Mike Pouncey makes some appearances. First, is Hernandez expressing apparent appreciation that after he was charged with murder, Mike and his twin brother Maurkice wore hats that read: "Free Hernandez." Maurkice, who plays for the Pittsburgh Steelers, later apologized to anyone offended by the hat.

Then there is the bizarre, such as the Oct. 14, 2013, conversation (a Dolphins bye week) where Mike Pouncey and Hernandez discuss a mutually known associate they make sure not to name. This man was apparently jailed at the time with notorious South Boston gangster James "Whitey" Bulger, who'd spent decades on the run but had been recently apprehended in California and shipped back to Massachusetts.

"You know who he's locked up with?" Hernandez said.

"Um, who?" Mike Pouncey said.

Mike Pouncey (AP)
Mike Pouncey (AP)

"He's locked up with that – with that mafia dude," Hernandez said. "… The mafia dude up here who just got caught after like …"

"Oh, yeah, yeah," Pouncey said.

Later Pouncey noted how much he misses and likes Ernest Wallace, one of Hernandez's associates from his hometown of Bristol, Conn. Wallace is also charged in Odin Lloyd's murder and will stand trial separately, perhaps later this year.

"I miss Ernest, though too, bro," Pouncey said. "Real talk."

"Word, yeah," Hernandez said. "That's my [racial slur] man, yeah."

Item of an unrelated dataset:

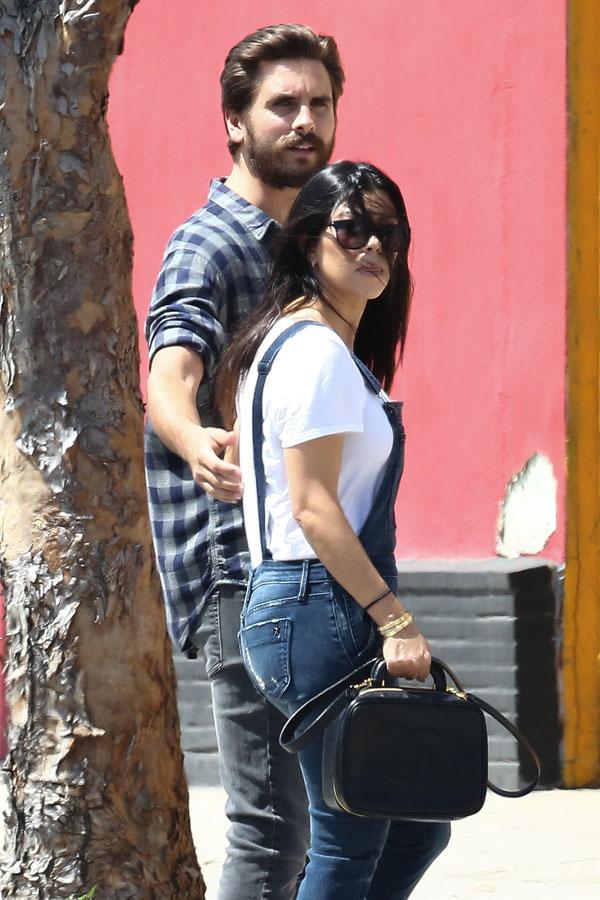 Kourtney kardashian scott disick breakup back together akm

"He's a 100 brother," Pouncey said.

Hernandez also had a Christmas 2013 conversation with Jenkins that discussed the moving (or not moving) of clothes in the home they used to share. The prosecution could claim this was some kind of coded request to hide evidence – the sneakers Hernandez wore that night were never recovered by police, although the box they likely came in was.

It sounds more like Jenkins had no idea what Hernandez was saying.

"My clothes still at the house?" Hernandez asked.

"Where do you think they are?" Jenkins said.

"I don't know," Hernandez said.

"I mean, what, what do you think I'm doing," Jenkins said. "I really don't understand. Like, where do you think your clothes are? Your clothes are exactly, I mean, that is your house. Your clothes are exactly where they're supposed to be. … I thought about moving your shoes to give me some more room, but, I mean, I left them."

"Yeah," Hernandez said, before making a noise that was inaudible on the recording.

Jenkins may have been confused by everything, including the severity of the situation Hernandez found himself in.

"But I, I don't know what you're thinking I'm doing," she said. "I mean, your clothes are exactly where, I mean, you've only been gone for what, six months?"

"Yeah," Hernandez said.

"You act like you're going to be gone for, like, 20 years," Jenkins concluded.

The way this trial is going, coupled with a pending double-homicide rap up in Boston for a separate 2012 shooting, Hernandez would probably take just 20 years.